What advice would you give future economics majors?
My advice to future economics majors is to get involved in as many student organizations as you can, and to apply to internships and jobs, even the ones you don’t think you’ll get. It’s also very important to make connections with your professors and use all of the resources at your disposal, such as going to their office hours. If you think you might want to pursue graduate school in the future, ask your advisors and professors about any additional classes you should be taking to prepare for it.
What are your 3 “must-take” economics courses?
ECON 240 Issues in Environmental Economics: I took ECON 240 with a very inspiring and engaging professor, Jo Barbier, and it introduced me to the branch of environmental economics, which I hadn’t previously known existed.
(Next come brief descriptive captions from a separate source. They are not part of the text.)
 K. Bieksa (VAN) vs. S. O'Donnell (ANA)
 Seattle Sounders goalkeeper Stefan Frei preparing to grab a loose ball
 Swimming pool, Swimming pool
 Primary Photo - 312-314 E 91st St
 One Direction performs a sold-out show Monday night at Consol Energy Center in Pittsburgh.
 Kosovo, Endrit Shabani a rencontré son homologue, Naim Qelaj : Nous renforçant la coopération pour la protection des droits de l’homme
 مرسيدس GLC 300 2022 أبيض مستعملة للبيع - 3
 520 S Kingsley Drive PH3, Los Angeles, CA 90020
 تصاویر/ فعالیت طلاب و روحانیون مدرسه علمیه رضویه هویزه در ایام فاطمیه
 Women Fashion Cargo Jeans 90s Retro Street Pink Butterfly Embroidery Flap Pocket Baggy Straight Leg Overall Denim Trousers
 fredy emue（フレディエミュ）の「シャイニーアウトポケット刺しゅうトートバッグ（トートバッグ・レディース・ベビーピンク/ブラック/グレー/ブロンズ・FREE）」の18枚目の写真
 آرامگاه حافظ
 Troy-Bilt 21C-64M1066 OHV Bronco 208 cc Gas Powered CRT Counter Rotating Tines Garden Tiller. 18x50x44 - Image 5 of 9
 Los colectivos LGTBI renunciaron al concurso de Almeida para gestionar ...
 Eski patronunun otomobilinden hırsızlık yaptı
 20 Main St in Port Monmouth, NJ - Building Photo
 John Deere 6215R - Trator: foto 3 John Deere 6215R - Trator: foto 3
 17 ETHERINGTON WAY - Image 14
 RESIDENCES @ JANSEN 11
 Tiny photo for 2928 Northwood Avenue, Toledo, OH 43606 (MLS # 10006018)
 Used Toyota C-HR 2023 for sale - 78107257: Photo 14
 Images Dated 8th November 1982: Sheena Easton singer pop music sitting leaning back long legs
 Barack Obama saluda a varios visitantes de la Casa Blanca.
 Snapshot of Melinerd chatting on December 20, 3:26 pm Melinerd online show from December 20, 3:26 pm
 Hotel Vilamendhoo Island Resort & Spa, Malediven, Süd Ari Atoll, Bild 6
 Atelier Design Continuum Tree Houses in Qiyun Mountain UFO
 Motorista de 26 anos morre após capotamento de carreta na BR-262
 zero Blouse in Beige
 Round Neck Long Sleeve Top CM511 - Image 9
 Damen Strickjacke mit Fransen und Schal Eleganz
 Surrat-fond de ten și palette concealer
Now I want to become an environmental economist in the future. I find it very interesting, and it’s very relevant in the face of climate change.
ECON 211 Gender in the Economy: ECON 211 made me think about gender and social norms in a quantitative way, and it prompted me to consider my role as a woman in economics.
ECON 410 Labor Economics: ECON 410 explained many of the occurrences in the workforce and helped me apply economic knowledge.
What is your next step?
After I graduate, I will study abroad in Florence, Italy and I will pursue jobs relating to economics and statistics.